ジェームズ・ハーデン

ハーデンとエンビードの強力デュオ誕生、シクサーズは一気に優勝候補に

セブンティシクサーズとネッツの間で大型トレードが実現した。ベン・シモンズとジェームズ・ハーデンのトレードだ。シクサーズにはハーデンとポール・ミルサップが、ネッツにはシモンズとセス・カリー、アンドレ・ドラモンド、2022年と2027年の1巡目指名権が移る。

シクサーズにとっては、ようやく『ベン・シモンズ問題』が片付くとともに、悲願だったハーデン獲得を成し遂げることとなった。球団社長のダリル・モーリーは、かつてロケッツのGMとしてハーデン中心のチームを作り、NBA優勝を目指してきた人物。もともとシモンズがシクサーズに不満を抱いたのは、ロケッツにいたハーデン獲得のためのトレード候補とされたことがきっかけだと言われる。昨シーズンのプレーオフで両者の関係破綻は決定的となり、シモンズは今シーズンのプレーをボイコット。モーリーも安直なトレードに踏み切ることなく、チャンスを待ち続けた。

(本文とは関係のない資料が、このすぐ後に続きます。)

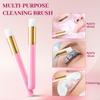 Buqikma Lash Shampoo Kit - Lash Cleaning for Eyelash Extension, 60Ml/2.11fl.Oz Eyelash with Lash Shampoo Brushes Gentle Lash Extension Cleanser for Professional Salon Use and Home Use (2 Pcs) view 4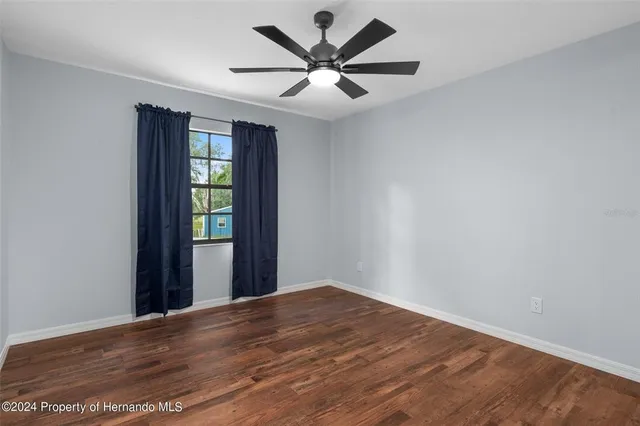 a view of entryway door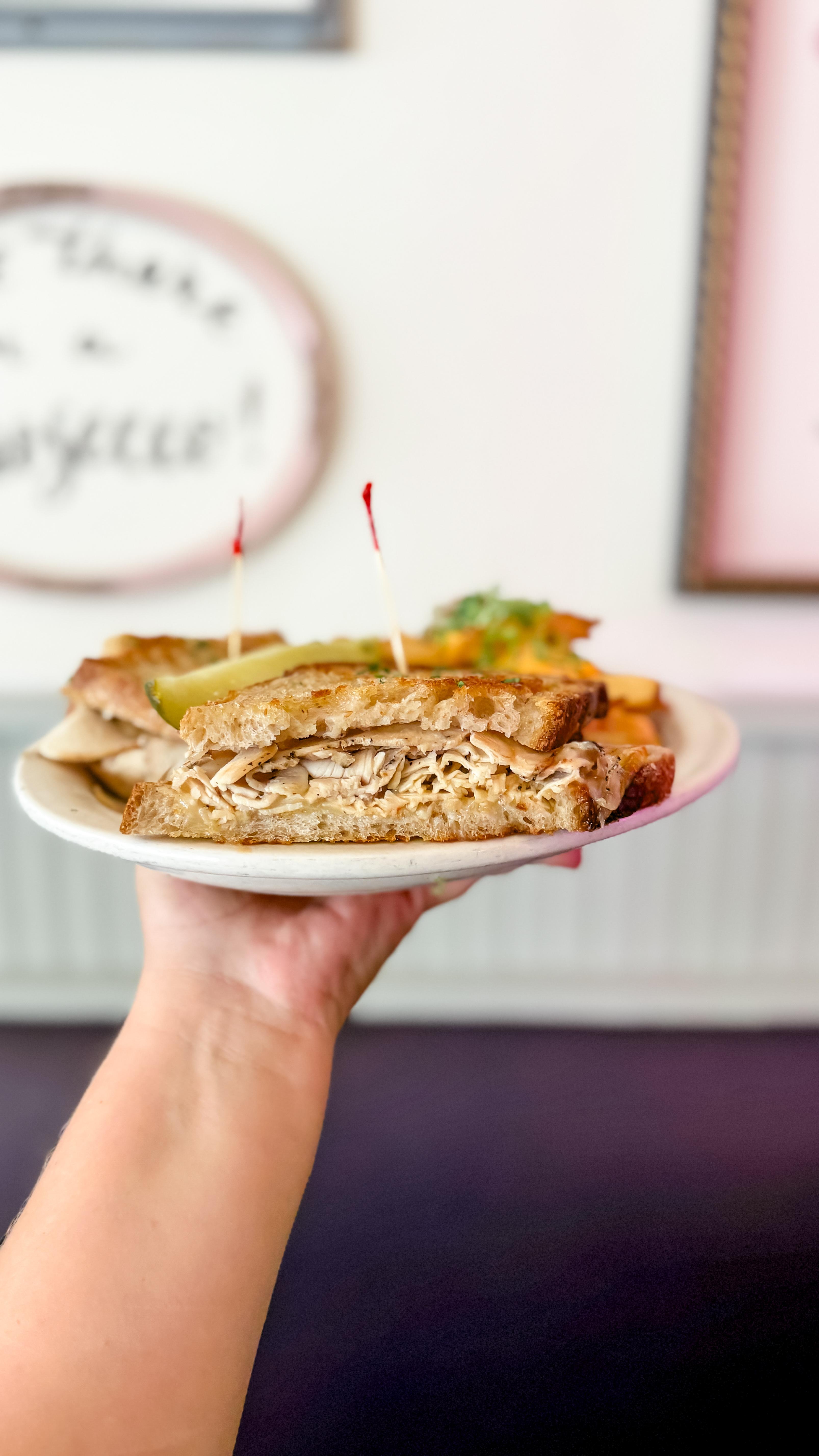 Turkey Reuben.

ハーデンはネッツにトレードを要求したものと思われる。ケビン・デュラントとカイリー・アービングとの『ビッグ3』はネッツを絶対的な優勝候補へと引き上げたが、実際はケガやカイリーのワクチン接種を巡る問題のため、3人が同時にコートに立ったのはこれまでわずか364分のみ。ハーデンはロケッツ時代からプレースタイルを変え、個人のスタッツを犠牲にしてチームプレーに徹してきたが、自己犠牲が結果に繋がらない状況に嫌気が刺したのだろう。『ビッグ3』のコンディションがチームの最大の問題であるにもかかわらず、酷使し続けるスティーブ・ナッシュの起用法にも不満があったのだと思われる。そのナッシュは「ハーデンは移籍しない。我々はこのメンバーで戦い続ける」と明言したが、ほどなくその言葉は嘘になった。

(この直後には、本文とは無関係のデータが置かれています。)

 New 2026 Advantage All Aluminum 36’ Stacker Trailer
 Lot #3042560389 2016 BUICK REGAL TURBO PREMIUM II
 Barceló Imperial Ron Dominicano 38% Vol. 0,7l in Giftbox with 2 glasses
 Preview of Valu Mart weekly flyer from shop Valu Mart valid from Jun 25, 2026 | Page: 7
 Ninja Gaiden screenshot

シモンズ抜きでも32勝22敗と十分な結果を残していたシクサーズでは、ハーデンとジョエル・エンビードの強力デュオが誕生した。エンビードのリムプロテクトに加え、ディフェンスに優れたガード陣はハーデンの守備面の弱点をカバーできる。ネッツでやっていたオフェンス面での自己犠牲は限りなく少なくなり、ロケッツ時代のスコアリングマシーンが復活するとなれば、競争が激化した東カンファレンスでも優勝候補となる。長らく続いた『シモンズ問題』が片付いたことが選手たちのメンタルに与えるプラスも非常に大きいはずだ。

シクサーズは今オフにハーデンと新契約を結ぶことになるだろう。コンディションに不安を抱えるようになったハーデンとの超大型契約はリスクではあるが、現在27歳のエンビードがキャリアの全盛期にある間に優勝を狙う上では最善の選択肢の一つだ。

ネッツにとって、ハーデンに出ていかれたことは痛手となる。それでもシモンズがこのトレードを機にプレーを再開し、試合勘を取り戻せば、チームの弱点だったディフェンスとリバウンドは大きく改善される。サイズ不足が目立つチームだけに、ドラモンドの獲得も効果がありそうだ。いずれにしても、トレードデッドラインを前に超大型移籍は実現した。それぞれのチームが今回のトレードでどう変わるか、しばらくは目が離せない。